In this way, we eliminated random input data (possible influence of emotional state). In the control group, the data from the Affdex measurement were synchronized with each other—after the start of the movie sections all acquired data were automatically recorded on the basis of a multipoint mask in the MySQL database at an interval of 25 ms. Our own EmoSens application was used for measuring (Magdin et al. 2019b) which synchronized all data with each other. The experimental group watched the movie sections via the VR device Oculus Rift S and HTC Vive Pro. The control group watched the movie sections through an LCD monitor.

The hardware used in case of the control group was standard PC with the Windows 10 Educational 64bit operating system and with the following parameters:

  • CPU Intel(R) Core(TM)2 Duo CPU E7500 @ 2.93 GHz

  • RAM 4096 MB

  • GPU NVIDIA GeForce GT 710

  • HDD SSD 1 TB

  • LCD ASUS 27" VG27WQ Gaming—Quad HD 2560 × 1440, 16:9

Participants sat at a distance of 1 m from the monitor (calculated from the diagonal and resolution of the monitor). We tried to keep this distance throughout the implementation of the experiment. For the VR device, we set the "same parameters" as for the classic environment. People wearing glasses did not participate in the experiment. The viewing angle of the LCD Asus monitor is 178° on a curved display. The problem of HTC Vive Pro is its field of vision being only 110° but with a range of 360°. Therefore, we applied the same canvas degree in VR as well as in the classical environment.

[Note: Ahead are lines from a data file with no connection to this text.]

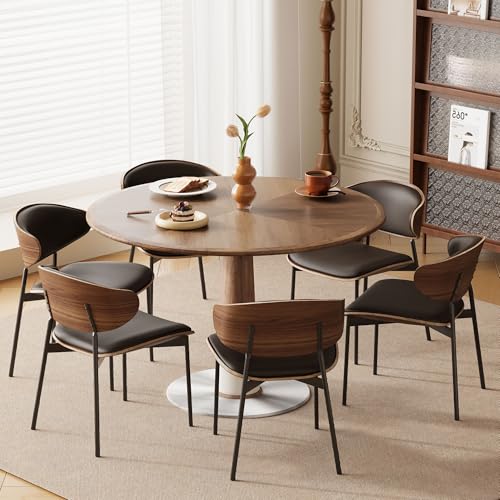 Modern Round Dining Table with Parquet Walnut Tabletop Seats 4-6 | 47.2" Small Circle Pedestal Kitchen Table with Metal Base for Dining Room, Kitchen, Apartment, Living Room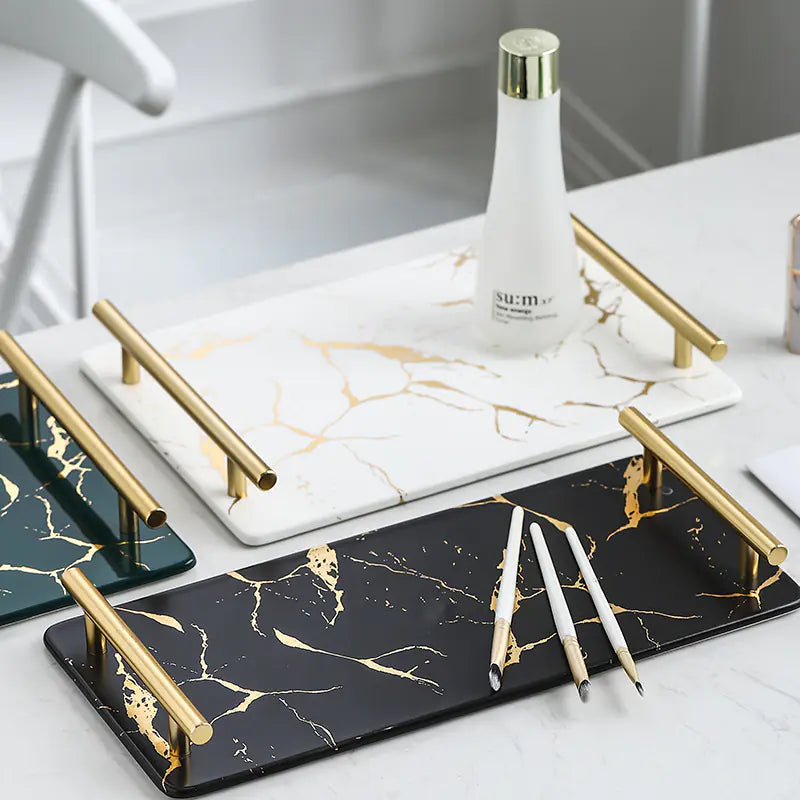 Nordic Marble Pattern Ceramic Rectangular Tray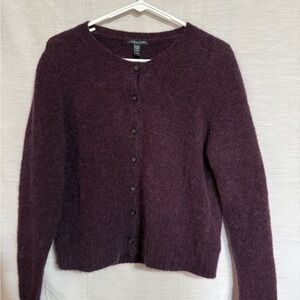 Eileen Fisher Mohair Wool Blend Purple Cardigan Size Medium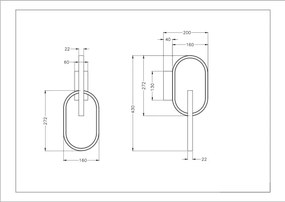 Zuma Line W241145502 - LED nástenné svietidlo RAVON 2xLED/12W/230V čierna/zlatá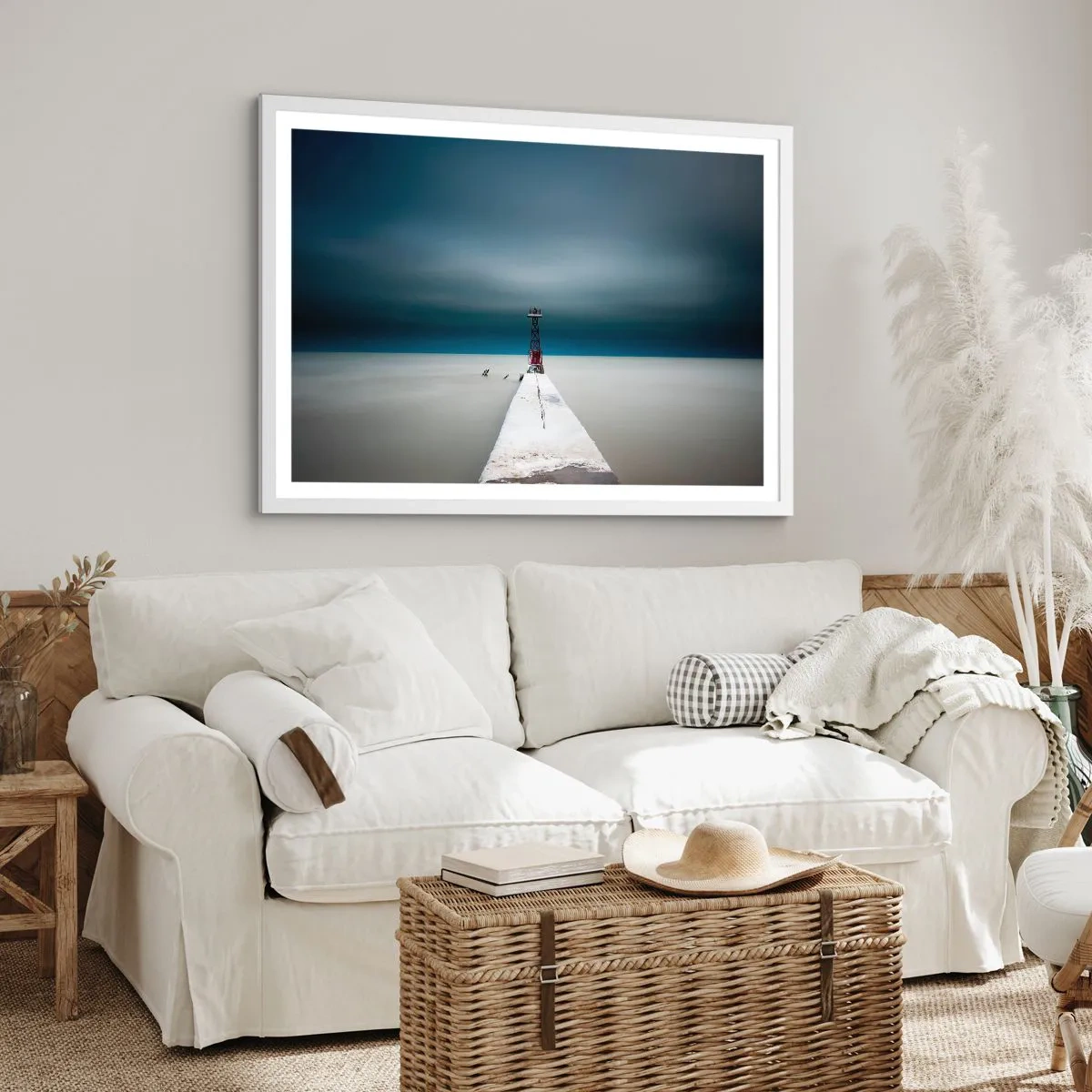 Poster in een witte lijst - Om de uitgestrektheid te ontmoeten - 40x30 cm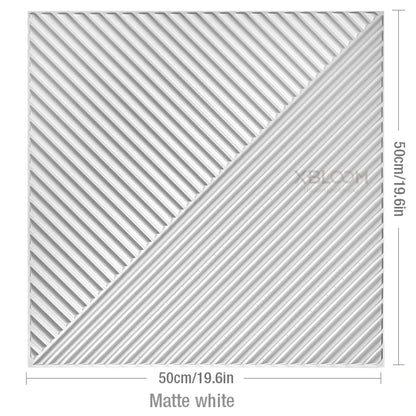 3D Wave Stripe PVC Wall Panel Pack of 4 19.6x19.6in Modern Style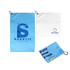 A light blue golf towel featuring a logo, with an additional white towel displayed.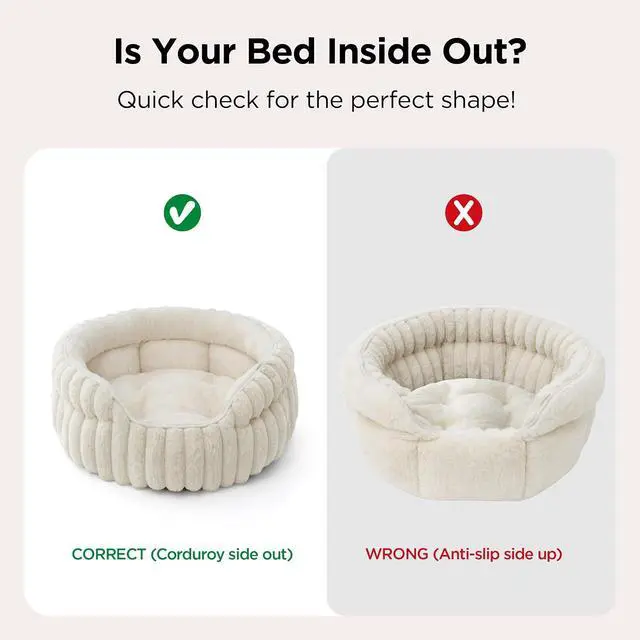 Alt view image 5 of 7 - ComfyFleece Washable Cute Small Medium Dog Bed,Round Pet Bed,26in | Cozy Donut Soft Fluffy Plush,Comfort Corduroy Cuddler Pet Beds,Luxury Aesthetic,Anti-Slip Bottom,Up to 30 Lbs,Warm Gray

Only one participant at a time was shown a movie clip in a separate room in order to prevent influencing the respective results. Movie sections from the standardized LATEMO-E database were selected on the basis of their highest values of valence and arousal, in order to evoke a given emotional state as much as possible (we selected clips with high values of valence and arousal). The sequence of the clips varied. The participants perceived audio from the clips in the native language. After watching the movie section (data were automatically recorded in the database), participants were asked to indicate the type of emotional state that the movie section evoked in them (to cheque back whether they can actually identify the emotion) and evaluate this state through SAM for valence and arousal on a scale from 1–9. A 5-point scale is used in SAM by default, but this scale can be extended (Tsonos et al. 2008). The advantage of the 9-point scale is that respondents can express their views in more detail, how they feel by placing an "X" either on a specific image or between images (e.g. radiobutton). All values of valence and arousal were recalculated to the interval [−1; 1], where the value 5 represented the number 0 in the interval, the value 9 stood for the number 1 and the value 1 represented the number −1. In the case of the experimental group, data were not recorded using Affdex, as neither Oculus Rift S nor HTC Vive Pro contains any standard cameras for face capture, hence it is not possible to capture the participant's face or a specific area of interest (for example mouth). However, in the case of the control group this method was applied. Based on a 24-point mask, the participant's face was captured, areas of interest were evaluated, and the Affdex software subsequently classified a specific emotional state with valence. The control group, as well as the experimental group, evaluated their evoked emotional state by SAM after watching each of the movie sections for valence and arousal on a scale from 1–9. The following movie sections were selected from the standardized LATEMO-E database (Table 1):

Table 1 Selection of movie sections according to the type of evoked emotion from the LATEMO-E database

3 Results of the experiment

The obtained data were analysed to identify a potential significant difference in the perception of one’s emotion in the movie experience evoked by VR and traditional LCD monitor. We examined several partial facts and relationships as well. The hypotheses we tested were as follows:

  • H1: There is a statistically significant difference between the assumed emotion (level of Valence) evoked by virtual reality and the monitor.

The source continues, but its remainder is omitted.